Isopropanol (IPA, 99.5%, Acros), potassium hydroxide (85%, Acros), hydroxyethyl

methacrylate (HEMA, 97%, Fischer Scientific), acrylic acid (AA, 98%, Acros), methyl methacrylate (MMA, 99%, Acros), butyl acrylate (BuA, 98%, Merck), benzophenone (BP, 99%, Acros), ascorbic acid (99%, Acros), azobisisobutyronitrile (AIBN, 98%, Acros), and basic alumina (99%, Sigma- Aldrich) were used as received. PC sheets (Lexan 8010MC, 0.175 mm gauge thickness, SABIC), PC slabs (injection molded Lexan LS I Resin, 3 mm gauge thickness, SABIC), and PP slabs (Moplen F1000HC, SABIC) were cut to 2.5x2.5 cm pieces.

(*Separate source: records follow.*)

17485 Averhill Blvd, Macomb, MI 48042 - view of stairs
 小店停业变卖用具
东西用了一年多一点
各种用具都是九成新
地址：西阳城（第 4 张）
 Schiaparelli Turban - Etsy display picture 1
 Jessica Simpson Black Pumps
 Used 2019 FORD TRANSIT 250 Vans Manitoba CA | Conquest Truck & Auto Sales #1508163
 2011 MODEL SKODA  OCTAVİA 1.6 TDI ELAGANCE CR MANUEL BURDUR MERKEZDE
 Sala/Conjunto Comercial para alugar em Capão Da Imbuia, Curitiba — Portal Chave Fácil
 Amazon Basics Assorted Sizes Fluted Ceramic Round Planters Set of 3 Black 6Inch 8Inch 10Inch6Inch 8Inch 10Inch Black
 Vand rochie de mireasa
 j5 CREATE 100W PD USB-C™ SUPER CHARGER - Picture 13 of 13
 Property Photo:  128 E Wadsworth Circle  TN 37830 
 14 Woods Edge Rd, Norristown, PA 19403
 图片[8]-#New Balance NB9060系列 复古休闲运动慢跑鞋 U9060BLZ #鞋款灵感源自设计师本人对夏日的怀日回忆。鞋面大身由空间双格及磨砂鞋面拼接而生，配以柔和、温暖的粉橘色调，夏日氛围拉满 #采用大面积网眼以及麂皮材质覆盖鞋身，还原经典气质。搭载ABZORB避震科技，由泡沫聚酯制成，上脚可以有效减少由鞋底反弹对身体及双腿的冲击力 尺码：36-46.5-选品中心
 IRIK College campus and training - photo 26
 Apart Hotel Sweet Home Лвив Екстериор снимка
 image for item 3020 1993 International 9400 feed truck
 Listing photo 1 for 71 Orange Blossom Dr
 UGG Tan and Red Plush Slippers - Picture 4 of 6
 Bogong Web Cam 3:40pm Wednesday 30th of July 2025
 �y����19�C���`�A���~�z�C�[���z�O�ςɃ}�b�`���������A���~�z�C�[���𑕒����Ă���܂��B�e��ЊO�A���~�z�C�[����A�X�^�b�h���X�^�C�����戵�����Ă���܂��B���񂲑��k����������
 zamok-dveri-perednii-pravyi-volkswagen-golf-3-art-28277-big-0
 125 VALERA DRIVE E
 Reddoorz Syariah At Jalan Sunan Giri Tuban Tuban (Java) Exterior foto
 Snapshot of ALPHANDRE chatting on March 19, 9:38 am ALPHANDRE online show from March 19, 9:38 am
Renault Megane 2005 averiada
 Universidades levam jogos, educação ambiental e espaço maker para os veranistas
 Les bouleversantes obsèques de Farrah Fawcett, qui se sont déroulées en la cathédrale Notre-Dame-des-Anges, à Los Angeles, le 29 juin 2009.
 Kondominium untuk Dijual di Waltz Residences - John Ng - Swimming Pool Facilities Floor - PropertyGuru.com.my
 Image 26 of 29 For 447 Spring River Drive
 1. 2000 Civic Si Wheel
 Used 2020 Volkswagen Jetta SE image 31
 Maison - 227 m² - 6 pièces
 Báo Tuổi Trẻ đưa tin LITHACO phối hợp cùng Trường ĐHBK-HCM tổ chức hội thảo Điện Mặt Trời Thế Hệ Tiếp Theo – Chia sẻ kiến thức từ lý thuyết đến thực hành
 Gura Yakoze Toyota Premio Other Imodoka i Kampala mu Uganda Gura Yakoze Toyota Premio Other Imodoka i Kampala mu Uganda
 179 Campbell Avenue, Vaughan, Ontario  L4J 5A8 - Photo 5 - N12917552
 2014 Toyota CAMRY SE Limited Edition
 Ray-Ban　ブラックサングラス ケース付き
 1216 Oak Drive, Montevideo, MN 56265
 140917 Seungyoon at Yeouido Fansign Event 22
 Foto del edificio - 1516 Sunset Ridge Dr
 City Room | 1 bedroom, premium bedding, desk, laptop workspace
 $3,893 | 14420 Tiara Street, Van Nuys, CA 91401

[0114] The UV treatment was carried out with a C211 benchtop conveyer equipped with two 1300 300 watt lamps kept at approximately 5 cm from the substrate. All experiments were carried out with a fixed belt speed (0.3 seconds of exposure per pass), where the number of passes determined the total amount of radiation applied. Sonication was conducted with a FB 11207 Sonicator. All FTIR images were taken with a Perkin Elmer Spectrum One FTIR spectrometer between 4,000 and 600 cm^"1. Light microscopy imaging was carried out with an Olympus BX60 microscope. Images were viewed under normal light conditions or UV illumination. TEM images were taken using a FEI Tecnai T12 microscope. SEM images were taken using a 7800F microscope. Molecular weight measurements were carried out on an Agilent 1100 series GPC with a PLgel 5 μιη minimax-C 250x4.6 mm column, using 0.01 LiBr in DMF as eluent and calibrated with PMMA standards.

[0115] General Procedure for the Surface Photografting:

[0116] The polycarbonate (PC) substrate was rinsed with demineralized water and dried with compressed air to constant weight. The substrate was then coated (by dip-coating or flow- coating) with a solution of benzophenone (BP) and the monomer, placed face-down in a Petri dish, UV-treated for a given amount of time, sonicated in a solvent for 30 minutes at room temperature and 660 wat using the pulse mode, and dried with compressed air to constant weight. In some cases, the PC surface was pretreated; a solvent and/or ascorbic acid were added to the monomer/BP mixture; and the inhibitor was removed from the monomer prior to the experiment.

[0117] Polymerization of HEMA with AIBN:

[0118] 15 milliliters (mL) of HEMA were placed in a 100 mL round bottom flask equipped with a cooler. The HEMA was passed through a glass filter containing 10 g of basic alumina to remove the inhibitor. 0.8 grams of AIBN were added after which the mixture was stirred and heated with an oil bath. The AIBN was completely dissolved when the reaction mixture reached 40°C. The mixture was heated until it reached 75°C, after which the heating bath was removed. At this point, the reaction mixture was opaque and an increased viscosity was observed. 20 mL of tetrahydrofuran (THF) were added and the resulting mixture was poured into a beaker containing 200 mL hexane, which caused the polymer to precipitate. The mixture was filtered and the collected white solid (polyHEMA) was oven dried. 13.2 grams of polyHEMA were obtained.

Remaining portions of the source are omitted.